Lunch was in pretty Bedingfield Arms, beside Oxburgh Church - where the nave is completely roofless and open, but the chancel in full working order, complete with many a Bedingfield monument, despite the Bedingfields having been devout Catholics all through time. One of the main attractions of Oxburgh Hall is the picturesque Moat, and of course the Priests' Hole where the Bedingfield family hid their priests in times of trouble. The whole place is one of those wonderful/exasperating National Trust places - with a sort of sanctimonious, this-is-how-we-do-it air wherever you look. It's probably down to costs... they sell the same plants and the same knick-knacks in every NT shop (with the exception of some Norfolk glass in this one), and they have the same elderly and enthusiastic volunteer guides in each room (and some of them at Oxburgh are absolutely fantastic, thank you!), and they all seem to have a second-hand bookshop near the gate, and the same sort of smell wherever you go.

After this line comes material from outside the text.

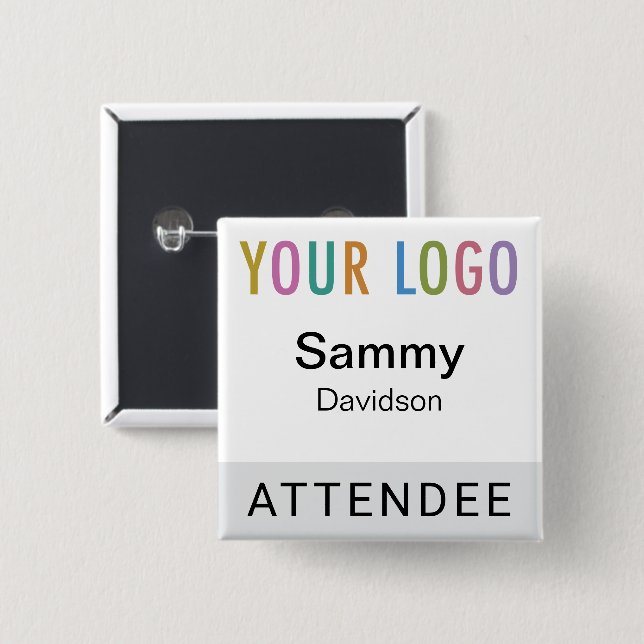 Abzeichen mit grauem Namen und Logo Pinback Square Button (Vorne & Hinten)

I was given a severe ticking-off at the entrance because I declined to pay EXTRA to sign their Gift Aid form... I was told 'We make people ASK for the non-Gift Aid tickets.' The woman was rude and bullying, and I was inclined to write and tell the NT about her, but this will do well enough. Her appalling manners were alleviated by the two sterling guides we liked inside (the man in the dining room, and the lady in the King's Room), and also, in fact by the two charming Entrance Volunteers we once met at Rudyard Kipling's house Batemans, down south. The main problem is that the National Trust has slid down into a corporate style and uniformity, and although we have paid to 'belong' in the past, every time I go into one of their properties, I think I will never join again and just busk it, one property at a time, even if it costs more.
The Priests' Hole is a very tight squeeze and it must have been very unpleasant to have to hide in there, but an attractive proposition if the Queen's men were after you because you still cleaved to the old religion. As a nation, there's a lot of blether talked about 'Good Queen Bess' and the Age of the Tudors/Shakespeare etc etc., but it must have been a nightmare to live through it, much like the fundamentalism of ISIS or Al-Qaeda or any of those other belief-based civil wars.... We went at it, one way or the other, after the Black Death put paid to feudalism, for two or three hundred years all based on which form of 'Christianity' you followed. Torture, war, inquisition, terror, savage punishments, racking, being hacked to bits, hung in chains, beheadings, mutilation, flung into a pit and abandoned, burnt alive in bonfires, being hung, drawn and quartered... (could anything much be worse?)... and that was all available at any moment to any Englishman or woman or child who found themselves 'on the wrong side'.
So all this 'national trust' stuff is too sweet and sugary for my liking. And Abbey Gatehouses too, however quaint and interesting, offer a smiling face, hiding a terrifying truth.